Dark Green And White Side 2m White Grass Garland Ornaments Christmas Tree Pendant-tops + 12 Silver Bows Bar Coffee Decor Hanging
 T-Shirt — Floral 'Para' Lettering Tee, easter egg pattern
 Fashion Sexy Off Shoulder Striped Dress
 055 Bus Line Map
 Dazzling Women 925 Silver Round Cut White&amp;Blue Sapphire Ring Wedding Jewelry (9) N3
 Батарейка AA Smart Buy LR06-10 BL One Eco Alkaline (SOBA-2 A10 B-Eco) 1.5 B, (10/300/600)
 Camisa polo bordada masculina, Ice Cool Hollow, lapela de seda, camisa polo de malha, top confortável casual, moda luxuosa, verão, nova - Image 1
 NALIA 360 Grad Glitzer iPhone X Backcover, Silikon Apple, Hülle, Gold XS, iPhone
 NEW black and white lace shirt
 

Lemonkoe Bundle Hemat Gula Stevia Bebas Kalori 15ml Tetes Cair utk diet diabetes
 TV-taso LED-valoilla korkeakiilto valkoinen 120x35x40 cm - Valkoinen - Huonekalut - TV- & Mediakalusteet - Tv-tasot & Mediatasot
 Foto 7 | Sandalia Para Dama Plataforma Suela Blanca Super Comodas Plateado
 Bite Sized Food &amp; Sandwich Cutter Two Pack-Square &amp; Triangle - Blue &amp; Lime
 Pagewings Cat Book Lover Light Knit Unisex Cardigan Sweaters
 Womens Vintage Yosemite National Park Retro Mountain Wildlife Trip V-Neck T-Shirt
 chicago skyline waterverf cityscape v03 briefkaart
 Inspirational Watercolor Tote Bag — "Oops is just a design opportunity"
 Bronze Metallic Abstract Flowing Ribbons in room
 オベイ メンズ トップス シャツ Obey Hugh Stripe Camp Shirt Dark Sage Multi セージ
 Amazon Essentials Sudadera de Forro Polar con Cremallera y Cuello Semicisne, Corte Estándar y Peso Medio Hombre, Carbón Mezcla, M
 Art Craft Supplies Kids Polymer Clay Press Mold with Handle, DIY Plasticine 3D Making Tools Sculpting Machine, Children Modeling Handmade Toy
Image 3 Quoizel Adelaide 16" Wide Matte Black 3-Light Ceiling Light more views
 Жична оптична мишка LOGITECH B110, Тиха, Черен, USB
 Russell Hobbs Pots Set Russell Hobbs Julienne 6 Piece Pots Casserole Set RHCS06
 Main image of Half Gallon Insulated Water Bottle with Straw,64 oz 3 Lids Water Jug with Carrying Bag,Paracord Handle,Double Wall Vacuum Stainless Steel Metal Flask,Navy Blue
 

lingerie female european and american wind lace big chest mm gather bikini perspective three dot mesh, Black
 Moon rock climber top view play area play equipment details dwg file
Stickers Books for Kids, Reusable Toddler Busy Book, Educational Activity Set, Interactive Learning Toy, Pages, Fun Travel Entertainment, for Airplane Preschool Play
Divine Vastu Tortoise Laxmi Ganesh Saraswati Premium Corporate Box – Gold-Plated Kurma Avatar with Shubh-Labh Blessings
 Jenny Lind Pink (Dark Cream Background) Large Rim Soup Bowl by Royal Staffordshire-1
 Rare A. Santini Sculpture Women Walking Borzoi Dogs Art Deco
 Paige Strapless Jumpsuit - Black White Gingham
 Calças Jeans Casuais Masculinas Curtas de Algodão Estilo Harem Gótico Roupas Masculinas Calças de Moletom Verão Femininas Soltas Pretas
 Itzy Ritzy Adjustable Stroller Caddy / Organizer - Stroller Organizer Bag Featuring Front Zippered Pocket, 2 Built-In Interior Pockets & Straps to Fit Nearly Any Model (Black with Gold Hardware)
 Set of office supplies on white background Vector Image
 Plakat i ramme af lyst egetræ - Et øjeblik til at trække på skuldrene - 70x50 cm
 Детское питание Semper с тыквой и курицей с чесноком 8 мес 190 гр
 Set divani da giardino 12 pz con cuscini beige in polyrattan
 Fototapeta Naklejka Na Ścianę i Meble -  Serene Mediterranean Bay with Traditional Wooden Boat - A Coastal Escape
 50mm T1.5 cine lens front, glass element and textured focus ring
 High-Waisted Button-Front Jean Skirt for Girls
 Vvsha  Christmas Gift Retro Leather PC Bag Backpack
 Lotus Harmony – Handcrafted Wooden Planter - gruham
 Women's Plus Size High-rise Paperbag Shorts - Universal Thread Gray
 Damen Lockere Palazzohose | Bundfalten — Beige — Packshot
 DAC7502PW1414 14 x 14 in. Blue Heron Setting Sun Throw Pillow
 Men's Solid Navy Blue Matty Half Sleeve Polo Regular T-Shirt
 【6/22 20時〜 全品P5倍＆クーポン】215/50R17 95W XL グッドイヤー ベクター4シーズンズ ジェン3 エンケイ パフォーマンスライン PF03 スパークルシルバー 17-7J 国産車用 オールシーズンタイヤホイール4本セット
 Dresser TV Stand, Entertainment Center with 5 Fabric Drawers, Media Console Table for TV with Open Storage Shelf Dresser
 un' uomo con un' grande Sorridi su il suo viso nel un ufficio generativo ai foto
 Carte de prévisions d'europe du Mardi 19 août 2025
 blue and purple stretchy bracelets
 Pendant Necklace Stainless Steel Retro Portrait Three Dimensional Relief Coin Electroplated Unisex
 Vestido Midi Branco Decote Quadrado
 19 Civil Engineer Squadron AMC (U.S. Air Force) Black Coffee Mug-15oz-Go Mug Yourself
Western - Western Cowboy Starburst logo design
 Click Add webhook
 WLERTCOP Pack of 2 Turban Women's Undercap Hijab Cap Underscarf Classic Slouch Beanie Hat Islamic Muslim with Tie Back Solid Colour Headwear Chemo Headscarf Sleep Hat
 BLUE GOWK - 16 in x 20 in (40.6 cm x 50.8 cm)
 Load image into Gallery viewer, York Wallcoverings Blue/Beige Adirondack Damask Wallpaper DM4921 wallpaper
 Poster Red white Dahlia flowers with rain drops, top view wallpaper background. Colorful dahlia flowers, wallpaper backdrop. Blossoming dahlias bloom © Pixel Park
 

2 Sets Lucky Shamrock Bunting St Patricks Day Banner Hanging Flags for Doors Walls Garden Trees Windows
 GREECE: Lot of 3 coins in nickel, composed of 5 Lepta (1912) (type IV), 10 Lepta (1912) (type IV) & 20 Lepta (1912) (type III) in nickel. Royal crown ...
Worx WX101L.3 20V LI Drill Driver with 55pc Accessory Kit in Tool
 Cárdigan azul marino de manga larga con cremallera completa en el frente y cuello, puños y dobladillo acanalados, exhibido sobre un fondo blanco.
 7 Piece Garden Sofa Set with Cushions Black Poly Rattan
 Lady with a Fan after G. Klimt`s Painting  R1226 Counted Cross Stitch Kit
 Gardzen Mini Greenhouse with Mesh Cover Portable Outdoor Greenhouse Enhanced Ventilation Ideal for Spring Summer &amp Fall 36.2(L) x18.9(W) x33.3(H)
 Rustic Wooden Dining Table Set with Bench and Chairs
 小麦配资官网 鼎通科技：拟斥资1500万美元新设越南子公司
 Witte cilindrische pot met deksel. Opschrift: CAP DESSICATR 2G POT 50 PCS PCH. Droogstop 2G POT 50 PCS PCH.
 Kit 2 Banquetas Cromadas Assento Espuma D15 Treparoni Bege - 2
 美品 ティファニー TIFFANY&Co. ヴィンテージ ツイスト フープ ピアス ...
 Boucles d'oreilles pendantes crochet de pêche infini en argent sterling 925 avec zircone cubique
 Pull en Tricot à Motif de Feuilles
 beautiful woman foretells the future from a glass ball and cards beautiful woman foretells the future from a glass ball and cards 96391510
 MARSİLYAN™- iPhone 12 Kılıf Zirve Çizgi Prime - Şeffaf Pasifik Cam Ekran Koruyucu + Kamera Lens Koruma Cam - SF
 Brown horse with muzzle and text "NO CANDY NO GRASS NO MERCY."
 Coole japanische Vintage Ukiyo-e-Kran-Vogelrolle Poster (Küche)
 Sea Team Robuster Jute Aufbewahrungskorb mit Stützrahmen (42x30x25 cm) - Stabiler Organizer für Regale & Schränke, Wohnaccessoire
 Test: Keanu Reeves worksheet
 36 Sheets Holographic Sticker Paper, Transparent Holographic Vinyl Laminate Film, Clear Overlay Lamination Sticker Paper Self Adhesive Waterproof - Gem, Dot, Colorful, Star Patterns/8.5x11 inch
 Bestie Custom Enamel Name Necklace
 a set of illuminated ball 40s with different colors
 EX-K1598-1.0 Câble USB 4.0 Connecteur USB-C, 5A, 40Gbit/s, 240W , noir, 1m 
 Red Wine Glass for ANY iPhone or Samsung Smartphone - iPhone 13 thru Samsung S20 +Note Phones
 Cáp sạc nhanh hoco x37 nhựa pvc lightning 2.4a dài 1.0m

----------

Exercise objective:
With the line holding "小麦配资官网 鼎通科技：拟斥资1500万美元新设越南子公司" as the first and the line holding "EX-K1598-1.0 Câble USB" as the last, set down that range of the entries above exactly, and nothing else.

Task solution:
 小麦配资官网 鼎通科技：拟斥资1500万美元新设越南子公司
 Witte cilindrische pot met deksel. Opschrift: CAP DESSICATR 2G POT 50 PCS PCH. Droogstop 2G POT 50 PCS PCH.
 Kit 2 Banquetas Cromadas Assento Espuma D15 Treparoni Bege - 2
 美品 ティファニー TIFFANY&Co. ヴィンテージ ツイスト フープ ピアス ...
 Boucles d'oreilles pendantes crochet de pêche infini en argent sterling 925 avec zircone cubique
 Pull en Tricot à Motif de Feuilles
 beautiful woman foretells the future from a glass ball and cards beautiful woman foretells the future from a glass ball and cards 96391510
 MARSİLYAN™- iPhone 12 Kılıf Zirve Çizgi Prime - Şeffaf Pasifik Cam Ekran Koruyucu + Kamera Lens Koruma Cam - SF
 Brown horse with muzzle and text "NO CANDY NO GRASS NO MERCY."
 Coole japanische Vintage Ukiyo-e-Kran-Vogelrolle Poster (Küche)
 Sea Team Robuster Jute Aufbewahrungskorb mit Stützrahmen (42x30x25 cm) - Stabiler Organizer für Regale & Schränke, Wohnaccessoire
 Test: Keanu Reeves worksheet
 36 Sheets Holographic Sticker Paper, Transparent Holographic Vinyl Laminate Film, Clear Overlay Lamination Sticker Paper Self Adhesive Waterproof - Gem, Dot, Colorful, Star Patterns/8.5x11 inch
 Bestie Custom Enamel Name Necklace
 a set of illuminated ball 40s with different colors
 EX-K1598-1.0 Câble USB 4.0 Connecteur USB-C, 5A, 40Gbit/s, 240W , noir, 1m 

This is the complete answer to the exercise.